Les premières étapes vers la fabrication ont impliqué des prototypes expérimentaux. Les archives de l'entreprise indiquent que Trunkenpolz a commencé à développer ses propres designs de motos dès 1949, tirant parti des composants existants lorsque cela était possible et intégrant ses propres améliorations et innovations basées sur des années d'expérience en réparation. Ce processus itératif de conception, de construction et de test a été mené avec un objectif clair : créer une moto à la fois économique à produire dans l'Autriche d'après-guerre et exceptionnellement fiable en opération pour son marché cible de navetteurs et d'utilisateurs légers. L'accent mis sur la praticité, la durabilité et la facilité d'entretien reflétait les réalités économiques prévalentes de l'époque, où une ingénierie robuste et une rentabilité étaient primordiales par rapport au luxe ou à des performances excessives. Des marques autrichiennes concurrentes comme Puch avaient déjà une forte présence sur le marché, nécessitant une offre distincte et bien conçue de KTM.
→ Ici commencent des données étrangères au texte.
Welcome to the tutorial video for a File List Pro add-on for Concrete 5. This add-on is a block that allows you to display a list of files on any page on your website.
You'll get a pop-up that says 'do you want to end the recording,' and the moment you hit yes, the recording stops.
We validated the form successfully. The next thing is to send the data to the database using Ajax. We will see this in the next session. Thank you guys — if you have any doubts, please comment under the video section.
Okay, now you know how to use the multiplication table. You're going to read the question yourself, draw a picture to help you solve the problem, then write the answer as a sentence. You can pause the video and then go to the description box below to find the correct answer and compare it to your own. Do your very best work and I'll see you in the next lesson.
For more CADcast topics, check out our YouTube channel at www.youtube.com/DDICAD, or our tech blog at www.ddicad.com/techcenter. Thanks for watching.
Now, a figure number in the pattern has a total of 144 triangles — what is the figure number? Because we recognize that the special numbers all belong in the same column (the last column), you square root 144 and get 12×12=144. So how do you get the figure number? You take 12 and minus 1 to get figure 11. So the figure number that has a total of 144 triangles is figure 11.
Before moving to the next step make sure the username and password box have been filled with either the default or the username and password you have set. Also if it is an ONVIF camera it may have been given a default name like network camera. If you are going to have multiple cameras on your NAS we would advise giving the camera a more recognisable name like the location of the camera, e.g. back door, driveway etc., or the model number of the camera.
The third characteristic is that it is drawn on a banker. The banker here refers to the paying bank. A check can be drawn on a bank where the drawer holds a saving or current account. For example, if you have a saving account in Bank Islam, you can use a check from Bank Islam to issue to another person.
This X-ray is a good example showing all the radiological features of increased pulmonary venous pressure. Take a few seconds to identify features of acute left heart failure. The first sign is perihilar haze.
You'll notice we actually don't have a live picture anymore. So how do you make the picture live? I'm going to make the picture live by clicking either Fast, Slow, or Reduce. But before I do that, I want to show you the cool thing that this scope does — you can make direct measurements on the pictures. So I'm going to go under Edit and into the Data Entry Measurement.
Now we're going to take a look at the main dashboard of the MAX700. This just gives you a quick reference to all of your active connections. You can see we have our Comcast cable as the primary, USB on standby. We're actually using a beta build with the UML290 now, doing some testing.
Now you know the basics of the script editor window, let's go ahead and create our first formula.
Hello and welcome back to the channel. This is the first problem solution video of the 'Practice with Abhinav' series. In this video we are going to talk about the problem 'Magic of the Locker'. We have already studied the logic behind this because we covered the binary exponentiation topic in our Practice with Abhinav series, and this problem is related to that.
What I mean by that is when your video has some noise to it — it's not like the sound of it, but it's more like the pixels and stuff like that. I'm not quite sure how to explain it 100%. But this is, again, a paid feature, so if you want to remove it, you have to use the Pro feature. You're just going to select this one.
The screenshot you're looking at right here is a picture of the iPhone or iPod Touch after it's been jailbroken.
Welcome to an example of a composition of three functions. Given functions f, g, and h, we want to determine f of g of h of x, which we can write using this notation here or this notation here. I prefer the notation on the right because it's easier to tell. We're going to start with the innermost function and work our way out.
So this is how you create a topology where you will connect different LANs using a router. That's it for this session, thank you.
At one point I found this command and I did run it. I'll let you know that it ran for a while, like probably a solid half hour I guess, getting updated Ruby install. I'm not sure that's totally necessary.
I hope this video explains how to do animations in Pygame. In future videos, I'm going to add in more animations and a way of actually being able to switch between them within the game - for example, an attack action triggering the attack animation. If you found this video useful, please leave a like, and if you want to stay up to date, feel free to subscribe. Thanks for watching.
L'aboutissement de ces premiers efforts a été la création du premier prototype de moto en 1951, connu sous le nom de R100. Ce jalon a marqué un tournant significatif, signalant l'intention ferme de l'entreprise de devenir un fabricant plutôt que de rester uniquement un fournisseur de services et un distributeur. La R100, une machine modeste dotée d'un moteur à deux temps de 98cc (une taille populaire pour les motos légères de l'époque), incarnait la vision de Trunkenpolz pour un motocyclisme accessible. Elle démontrait la capacité évoluée de l'atelier à passer des réparations au développement de véhicules à grande échelle, nécessitant un changement d'opérations d'une résolution de problèmes individuelle à des techniques de production standardisées. Cette période de développement intense et de réalignement stratégique a finalement conduit à l'établissement formel de Kraftfahrzeug Trunkenpolz Mattighofen en tant qu'entité de fabrication en 1953, avec le soutien financier de l'entrepreneur Ernst Kronreif, posant les bases cruciales pour son avenir en tant que nom de premier plan dans l'industrie mondiale de la moto.